RBZ Governor Dr Gideon Gono disclosed this to the Parliamentary Portfolio Committee on Budget, Finance and Investment Promotion yesterday.

He said the retrenchment would be one of the biggest to be carried out in the country by a single institution.
“We are looking at retrenching 74 percent of the central bank’s staff and I would like to say it is not one of the easiest tasks as it is going to be one of the largest retrenchments in the history of the country by a single institution.

“The binding philosophy that is going to guide whatever agreement that would be reached is fairness.
“It has to have a human face to it and has to be in line with the country’s labour laws and we cannot do things that are out of sight with the industry’s standards,” he said.

The central bank chief disclosed the approximate cost of the retrenchment exercise in camera, but said the RBZ board had cut the employees’ proposals by two thirds.

“The board made a determination and the works council and management staff associations have already deliberated upon the package.

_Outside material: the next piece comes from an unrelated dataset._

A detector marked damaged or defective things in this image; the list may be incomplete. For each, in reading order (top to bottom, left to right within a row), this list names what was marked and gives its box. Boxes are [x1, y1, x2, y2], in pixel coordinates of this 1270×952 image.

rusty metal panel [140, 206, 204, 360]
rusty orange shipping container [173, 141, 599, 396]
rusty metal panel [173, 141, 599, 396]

However, what the board recommended was a cut by two thirds to what the management and staff had proposed.

“From December 1 to last Friday, I was involved in negotiations on the issue and have concluded with some associations and have released them to advise their members,” he said.

Dr Gono said RBZ was working in consultation with the Ministry of Finance on the matter.
Some of the workers to be laid off, Dr Gono said, had served the institution for more than 30 years, while some of them were employed when the central bank engaged in quasi-fiscal activities.

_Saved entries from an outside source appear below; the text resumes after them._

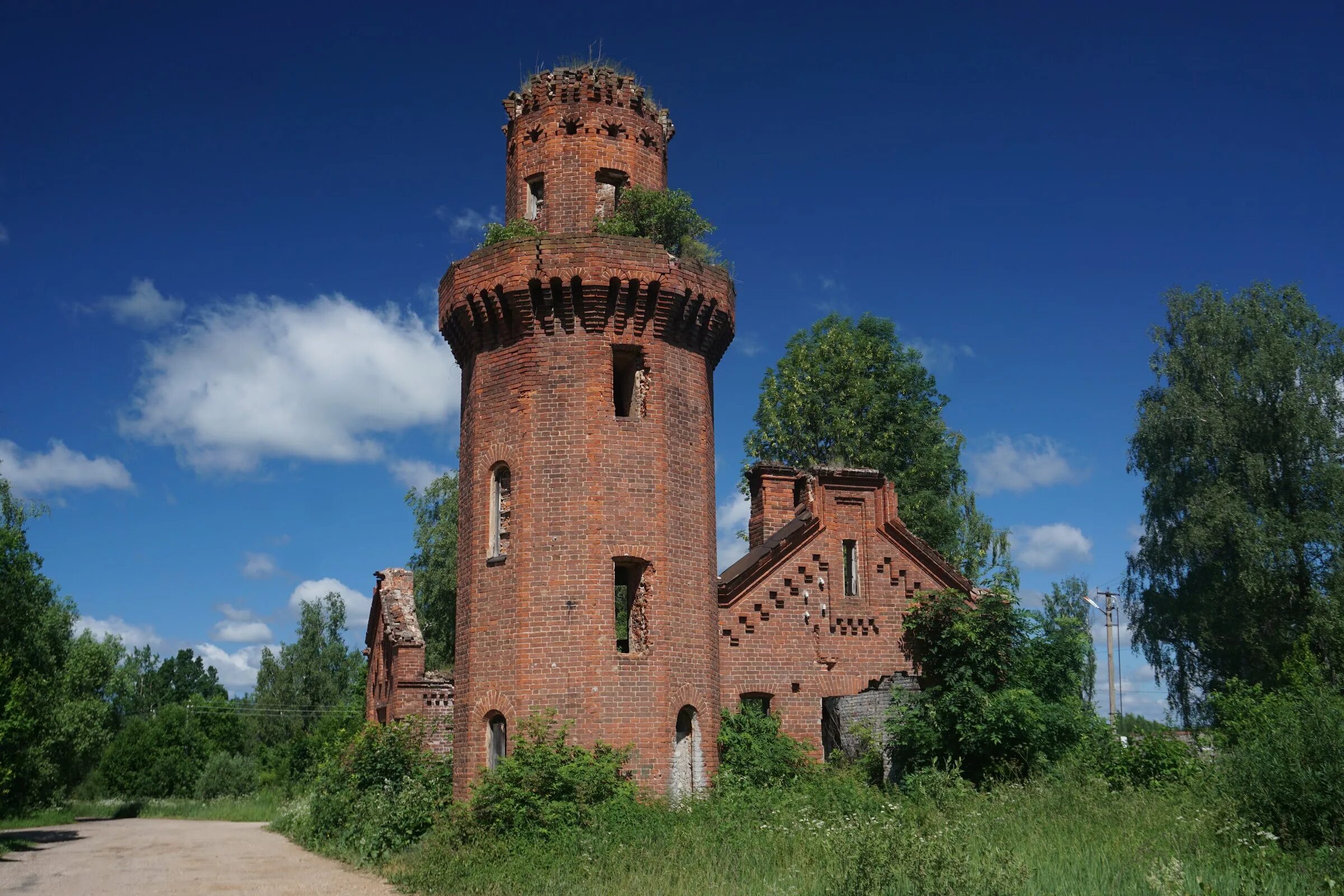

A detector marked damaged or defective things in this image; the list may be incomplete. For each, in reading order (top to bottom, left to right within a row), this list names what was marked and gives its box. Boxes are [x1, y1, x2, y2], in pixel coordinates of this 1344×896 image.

broken window opening [524, 173, 545, 220]
broken window opening [594, 170, 629, 223]
broken window opening [613, 349, 647, 422]
broken window opening [492, 467, 511, 556]
broken window opening [838, 540, 860, 596]
broken window opening [613, 556, 647, 655]
broken window opening [484, 715, 505, 773]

The move was aimed at busting illegal economic sanctions imposed on Zimbabwe by the West, he said.

The activities have since been stopped and if the retrenchment exercise is successfully carried out, RBZ will remain with a lean staff of approximately 530.
Dr Gono told the committee that part of the US$1,2 billion debt saddling the RBZ was inherited from previous management and part of the liabilities dated back to the pre-independence era.

“We are currently saddled with a huge debt that strictly speaking, belongs to Government, which stands at US$1, 2 billion.

“Sixty-five percent of that is debt that this Governor inherited from previous administrations,” he said.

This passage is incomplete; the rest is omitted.